6. Biscayne National Park, Florida
South of Miami, Biscayne National Park is a unique national park, as it is found largely along the coast of Biscayne Bay. The park preserves the coastline and its offshore barrier reefs, as well as the shore’s mangrove forest. It even includes some small islands from the Florida Keys. The park is home to a variety of fish, coral, manatees, cacti, palm trees, sea turtles, whales and fish. Similar to the Everglades National Park, the Biscayne park is best visited in the winter months, when the heat, humidity and mosquitos are at their low points. The park is great for snorkeling, scuba diving, sailing, hiking, fishing, kayaking, and even windsurfing.
7. White Mountain National Forest, New Hampshire
The White Mountain National Forest sits in New Hampshire and a small portion of Maine. The forest is used for hiking, camping, skiing, picnicking and wildlife watching. Bald eagles, beavers, deer, moose, black bears, falcons, bobcats, red foxes, porcupine, mink, and more animals call this area home. The forest is open all year to alloy visitors to enjoy a quiet escape amongst its beautiful trees, streams, and ponds. Keep an eye out for the wildlife, and make sure to have some bear spray handy in case you come face to face with a mom and her cubs.
8. Cape Cod National Seashore, Massachusetts
Most people don’t realize that Cape Cod is a protected national area. Known for its sandy beaches, the park also has ponds, woods, walking trails, and more. Head to the seashore to explore the woods by bike, go swimming in the afternoon, watch the sunset on the beach, and enjoy surf and turf for dinner.

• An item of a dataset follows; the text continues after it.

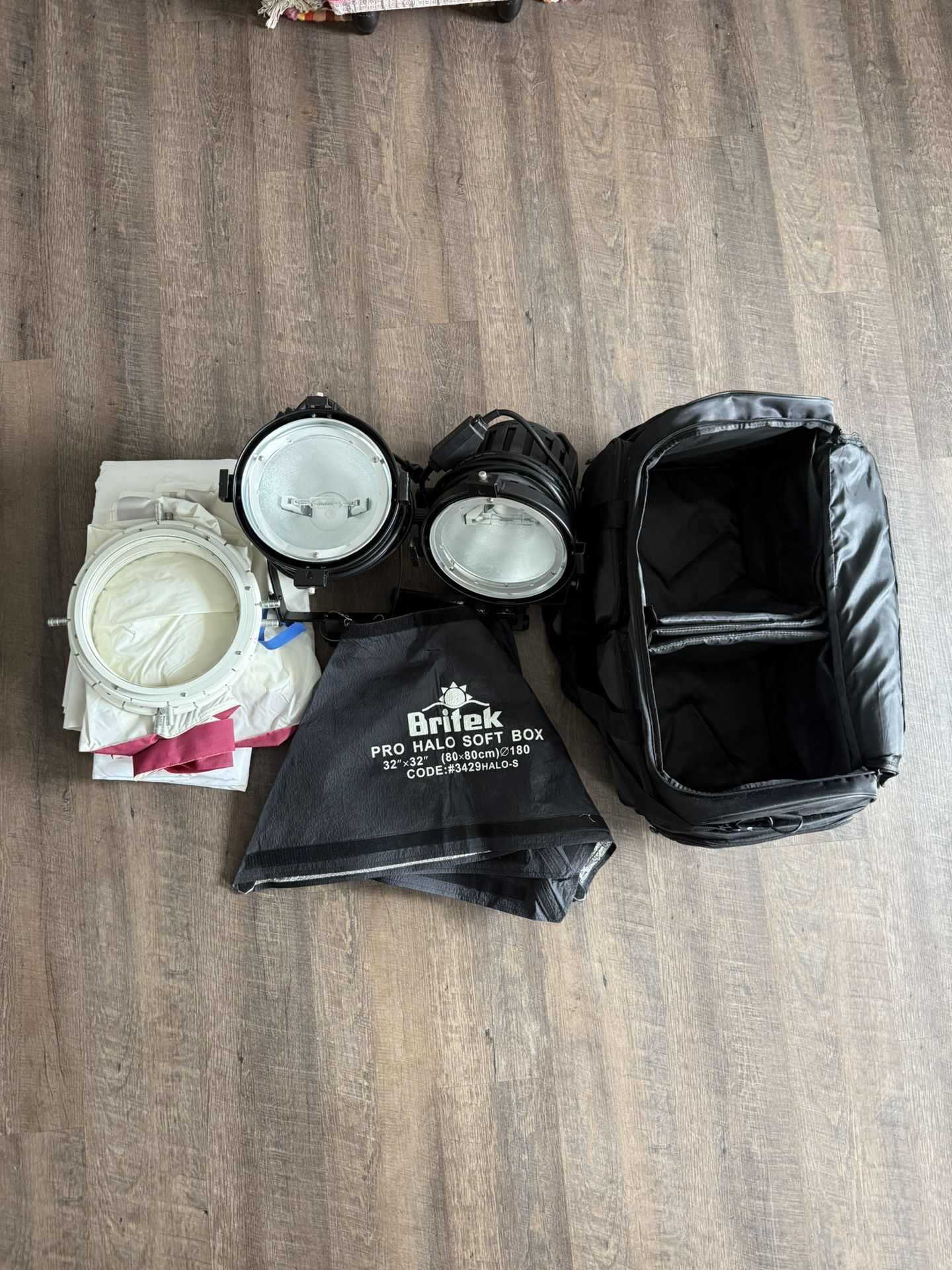 12” Professional Photography Lighting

The area is open all year and is connected to the Atlantic coastal pine barrens ecoregion, where you can escape to cooler temperatures amongst the trees in the warmer months.
9. New River Gorge National Park, West Virginia
West Virginia’s New River Gorge is well known for its thrilling whitewater rafting in the large New River, which runs through the park’s deep canyons. Adrenaline junky visitors can go on rafting trips between April and October. Other activities in the park include rock climbing, fishing, hiking, biking, picnicking, and more. The park also offers beautiful vistas, wetlands, forests, caves, and mountain ridges, as well as diverse wildlife both in the water and on land. Native fish, rare amphibians, reptiles, birds and mammals call this park home.
10. Appalachian National Scenic Trail, Multiple States
Though not a park, the Appalachian National Scenic Trail is protected by the National Park Service. At over 2,180 miles long, the trail wanders through the Appalachian Mountain’s woods, hills, cliffs and forests. It also covers a few towns, roads and farms. The footpath trails through a vast range of the East Coast, including Georgia, North Carolina, Virginia, West Virginia, Maryland, Pennsylvania, New Jersey, New York, Connecticut, Massachusetts, Vermont, New Hampshire and Maine. Some portions of the Appalachian trail pass through the previously mentioned national parks. The trail is permitted exclusively for hikers, with some exceptions. There are short segments where horses and pack animals are permitted, including in the Great Smoky Mountains National Park. It’s possible to hike small portions of the trail, or to walk through the entire trail in a single season. Those who walk the full trail must be healthy, avid hikers. Camping is available along the trail at certain sites.